*TRY IT:* Look through the entries below for the line with "CorePod Solo, roof: LED" and the line with "Young and Beautiful", then give again exactly those two lines and all lines between them, minus the pictures.

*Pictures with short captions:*
○ ○ ○ ○
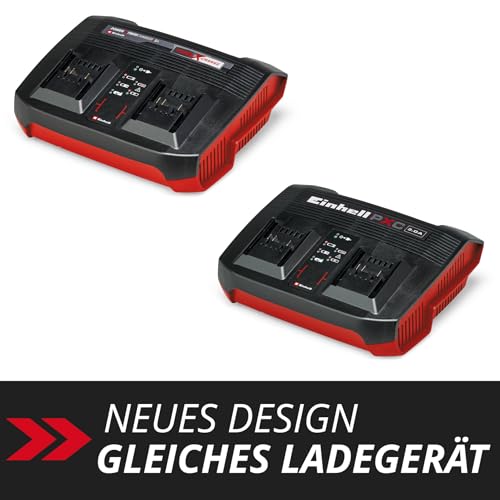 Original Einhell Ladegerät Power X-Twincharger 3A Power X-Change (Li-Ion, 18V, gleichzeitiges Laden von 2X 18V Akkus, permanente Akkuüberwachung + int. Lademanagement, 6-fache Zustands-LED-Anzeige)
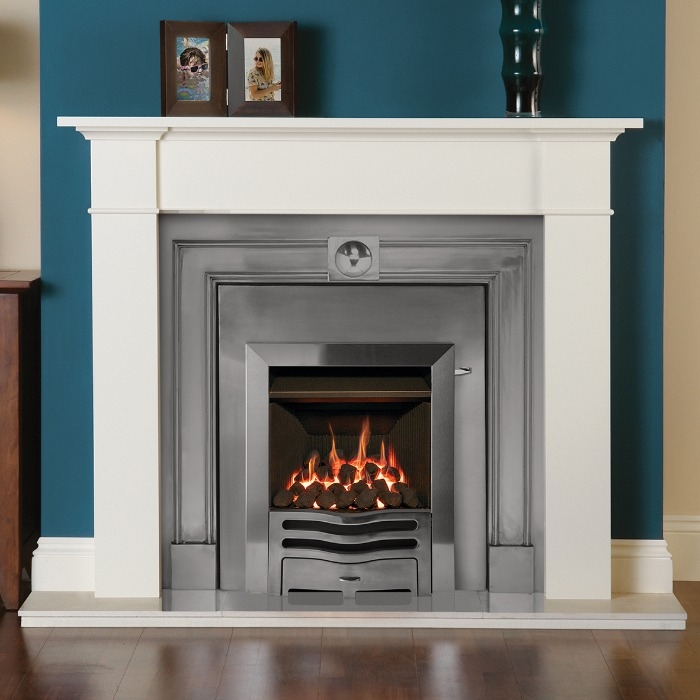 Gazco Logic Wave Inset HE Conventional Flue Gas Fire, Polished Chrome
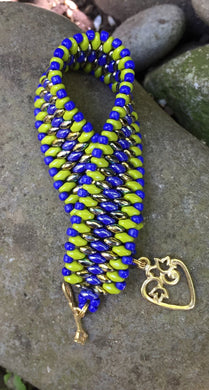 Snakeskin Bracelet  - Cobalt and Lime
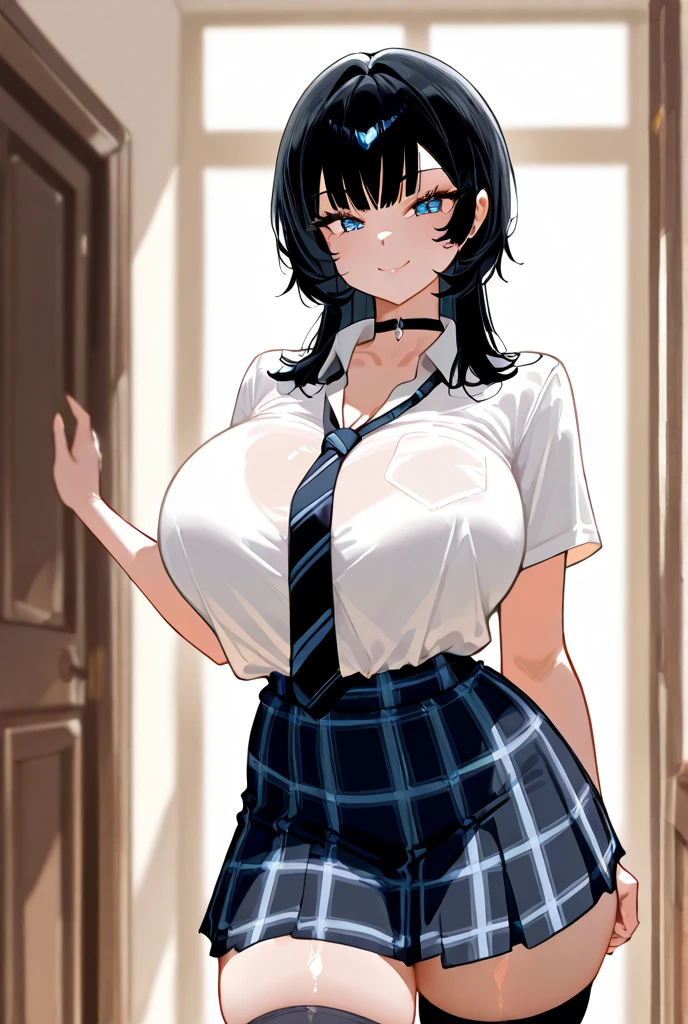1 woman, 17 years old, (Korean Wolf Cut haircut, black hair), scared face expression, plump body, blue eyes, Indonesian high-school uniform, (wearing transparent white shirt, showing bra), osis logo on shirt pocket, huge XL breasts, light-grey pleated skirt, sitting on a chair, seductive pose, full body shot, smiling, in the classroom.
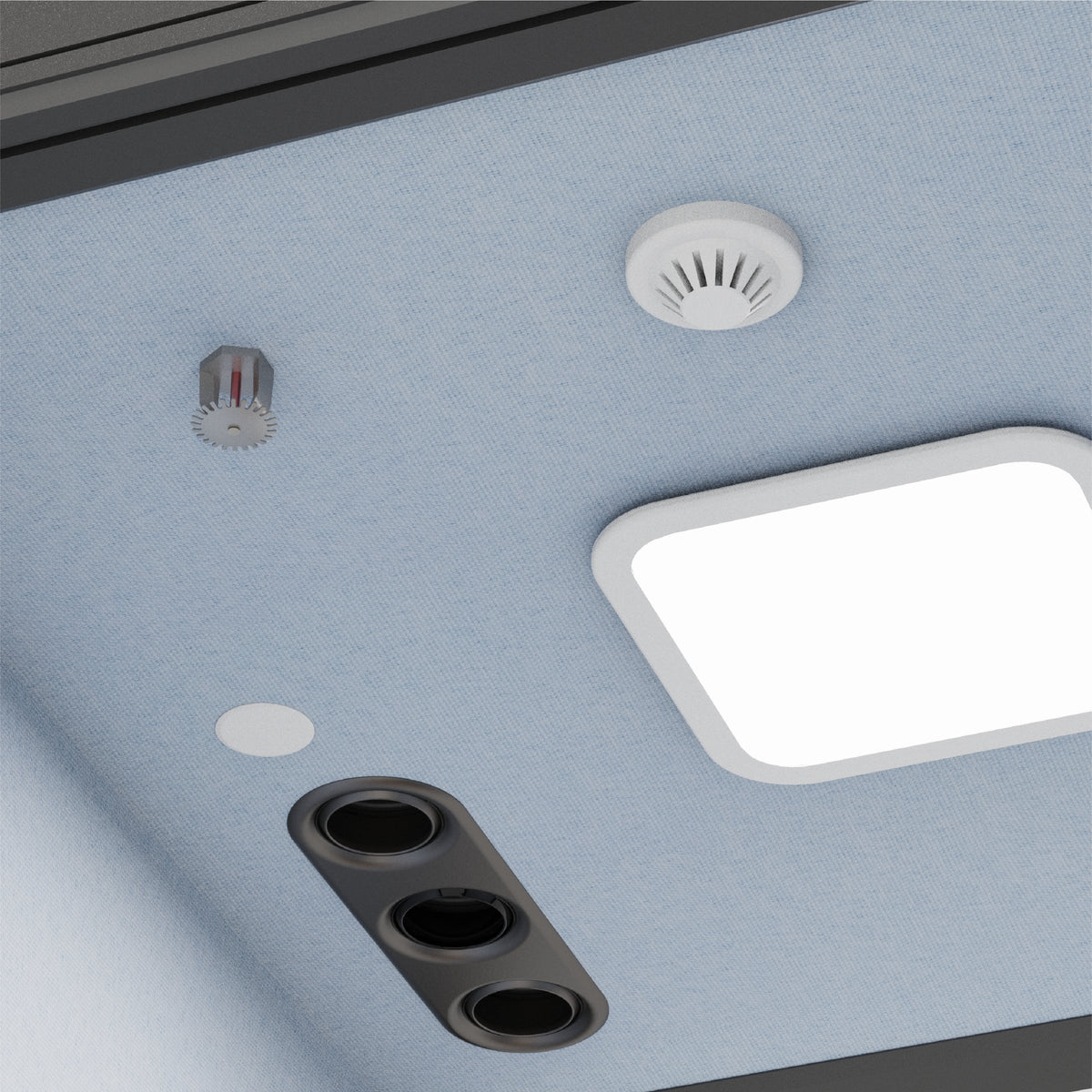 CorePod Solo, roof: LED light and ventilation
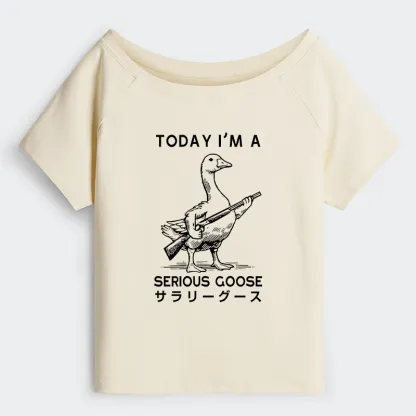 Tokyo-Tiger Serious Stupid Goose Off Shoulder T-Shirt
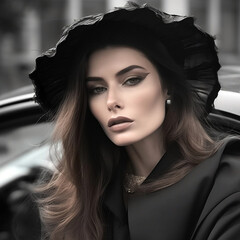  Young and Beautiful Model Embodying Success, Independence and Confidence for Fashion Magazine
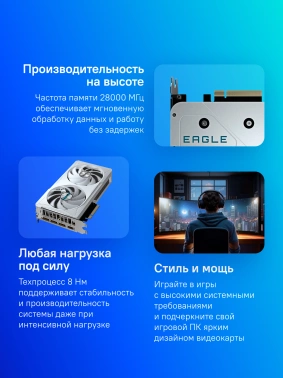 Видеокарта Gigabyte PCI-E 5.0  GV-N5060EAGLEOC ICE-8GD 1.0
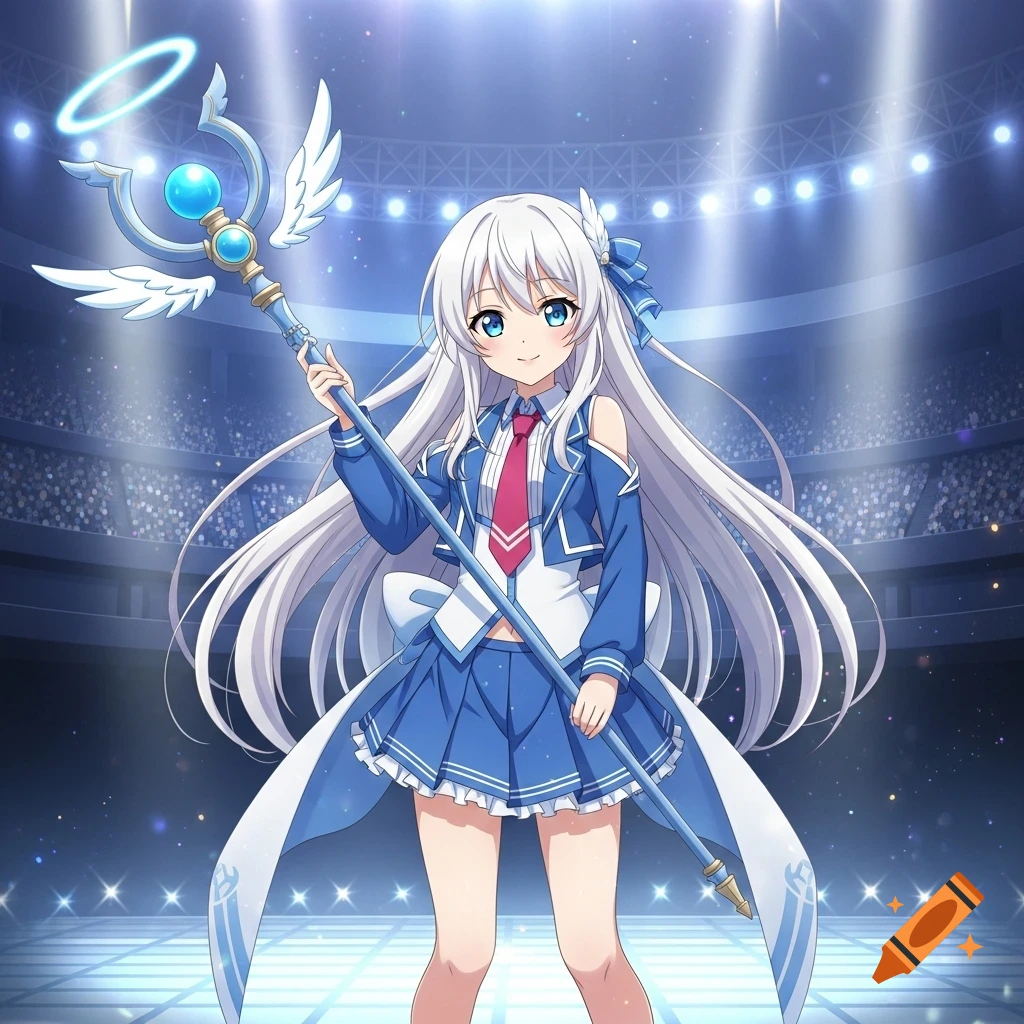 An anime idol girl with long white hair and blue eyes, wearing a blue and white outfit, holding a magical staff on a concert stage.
○ ○ ○ ○
*SOLUTION TO THE PROBLEM:*
 CorePod Solo, roof: LED light and ventilation
 Tokyo-Tiger Serious Stupid Goose Off Shoulder T-Shirt
  Young and Beautiful Model Embodying Success, Independence and Confidence for Fashion Magazine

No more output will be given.